Four steps for getting started with data science

18 August 2020 4 min. read
More news on

Amid the current period of uncertainty, data science can serve as something of a golden compass to businesses, using statistics and artificial intelligence to navigate through tough times. Tobias Platenburg, a consultant at IG&H, shares four steps for how companies can get started.

1) Build a team

First things first, organisations will need to put a data science team in place. This data science team will be crucial to leverage the right data, predict what will happen next, and play a defining role in building high quality customer relationships from a distance. Typically, a well performing data science team includes people with complementary skillsets that span knowledge of at least statistical modelling, artificial intelligence / machine learning, data engineering and project and people management.

Even if companies already have a team in place, it is recommended to review their positioning. Often, the impact of the team is optimal when positioned close to the board room where strategic decision making takes place. From there they can be deployed on high-impact projects where data science will be of additional value besides traditional analyst and business intelligence roles.

Four steps for getting started with data science

2) Make data available

Firms must democratise insensitive data in the company. Cross-department data should be available for your data science team, and the rest of the organisation, something which will increase transparency and enhance collaboration over departments. To make that work in terms of technology, it might help to move a portion of a firm’s data to the cloud and consider NoSQL solutions like Apache Cassandra or MongoDB to make data available to many interfaces.

Additionally, Covid-19 has changed society and individual values and norms. To stay ahead, organisations will need to rethink which data to consume and record within the company, and experiment accordingly. Do not be ‘evil’ about it either; in the age of ethical consumerism, companies need to rethink and tune their ethical approach on data collection to improve their products and services constantly to the ‘new normal’.

3) Generate scenarios and model

Every use of data science ultimately depends on models being properly implemented. The business and its data science team need to know as soon as possible when accuracy drifts. As such, it is recommended that lead data scientists implement automated retraining of models, using solutions such as Kubeflow, Azure ML, or AWS Sagemaker. Although some human intervention may sometimes be required, it ensures that models are updated regularly using the latest data.

Second, companies should implement and apply models that require less data or do not need any data. With low data, use simple machine learning models to avoid inaccurate models by ‘overfitting’. Overfitted models fit very well to a small training dataset, but also feature relations that are non-existent in the real world. Organisations should talk to their data science teams about RidgeRegression, KNN, or Naïve Bayes to work with less data.

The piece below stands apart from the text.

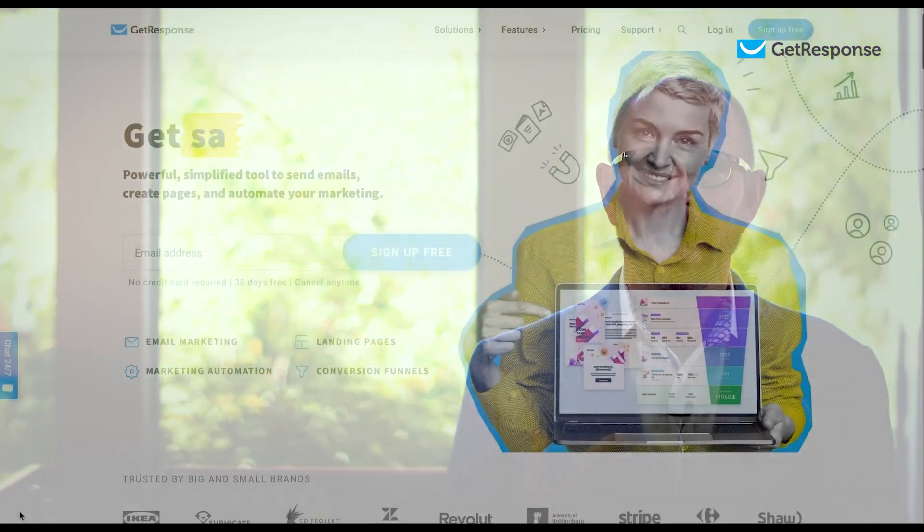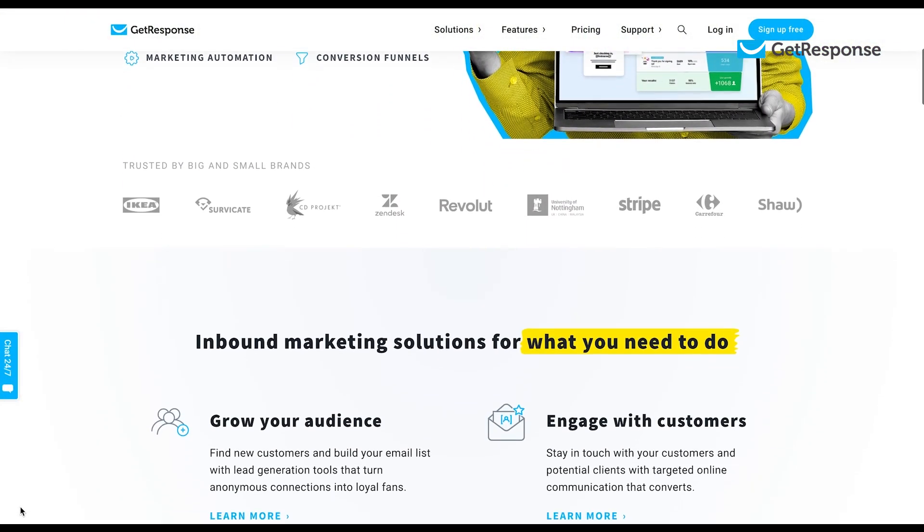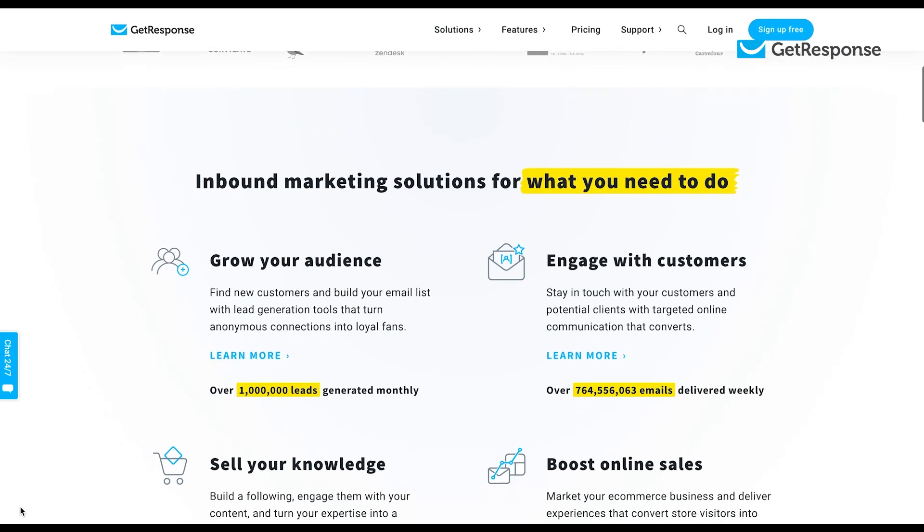Hey everyone, my name is Jamie Turner. I'm with the 60 Second Marketer and I'm a long-time user of GetResponse. I use it for email marketing, landing pages, pop-up forms, marketing automation, webinars, and a whole slew of other items. With that in mind, let's get started on today's tutorial, which is about increasing your open rates for your holiday email campaigns.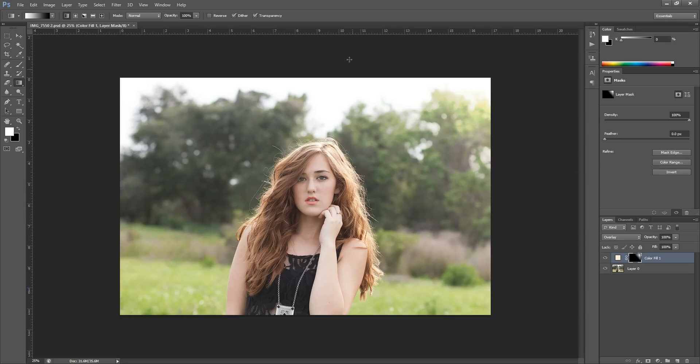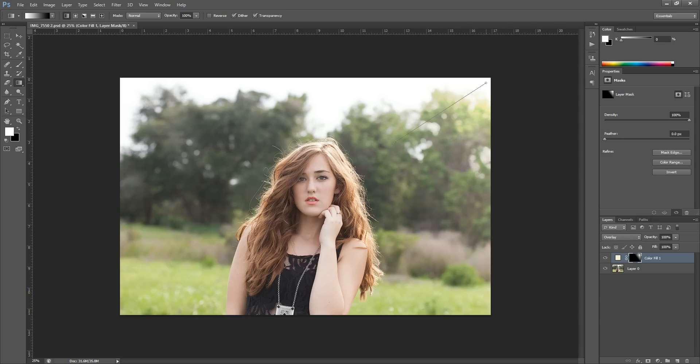Instead of having to paint it in and gradually fade it, you can do it with this Gradient Tool right on your layer mask. Again, you just drag from the corner or wherever you want it and bring it down. You can bring it down as far as you'd like if you wanted to add it in that way.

Third, companies should consider generating scenario data that might replicate the future ahead. Together with the business, a data science team might be able to generate several future scenarios. If a firm’s data science capability is more advanced, support these scenarios with data by generating the data using a generative deep learning technique (GANs). Obviously though, they should also be aware that pre-Covid-19 data is different to post-Covid-world, so make sure this is incorporated into models.

4) Automate

Automated data processes and reporting for operational efficiency should not be overlooked in uncertain times. They can help shift work away from repetitive tasks to areas where people can be more valuable, while improving speed and quality, because machines make less mistakes.

To realise this win-win scenario for staff and the organisation, first firms should automate low-hanging fruit, where the business case is strongest, using these quick wins to build momentum and automate more processes. Furthermore, companies must make sure to educate their leadership and staff, so they are aware of best practices and can manage expectations on what automation actually delivers.

This plays into the fact organisations should beware assuming that automating is a silver bullet. Companies should not always pursue the most complex solutions; sometimes a simple one may be better in the end.